In the gospel, Mary Magdalene, driven by her love of Jesus, goes to the tomb early in the morning after Passover, “while it was still dark.” The darkness is emblematic of the encounter at the tomb for her and, later, Peter and John. Mary is so discombobulated by the sight of the stone that is rolled away that she runs back to the apostles without even looking in. She thinks that someone stole His body: “They have taken the Lord from the tomb, and we don’t know where they put him.” Perhaps the “they” she refers to are the guards, the Romans. 

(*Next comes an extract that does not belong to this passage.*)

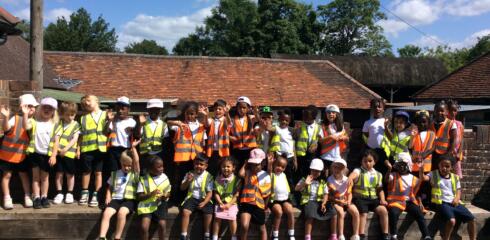 BINF – Yellow Class Visit Godstone Farm!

The state of the burial cloths is even more confusing for them. Peter and John see “the burial cloths there, and the cloth that had covered his head, not with the burial cloths but rolled up in a separate place.” This is not the scene of a tomb being pilfered or a simple act of transferring a body somewhere else. St. John Chrysostom writes:

If any persons had removed the body, would they before doing so have stripped it; or if any had stolen it, would they have taken the trouble to remove the napkin, and roll it up, and lay it in a place by itself; but how? They would have taken the body as it was. On this account John tells us by anticipation that it was buried with much myrrh, which glues linen to the body not less firmly than lead; in order that when you hear that the napkins lay apart, you may not endure those who say that He was stolen. For a thief would not have been so foolish as to spend so much trouble on a superfluous matter. For why should he undo the clothes? And how could he have escaped detection if he had done so? Since he would probably have spent much time in so doing, and be found out by delaying and loitering. But why do the clothes lie apart, while the napkin was wrapped together by itself? That you may learn that it was not the action of men in confusion or haste, the placing some in one place, some in another, and the wrapping them together (Homily 85 on the Gospel of John, 4).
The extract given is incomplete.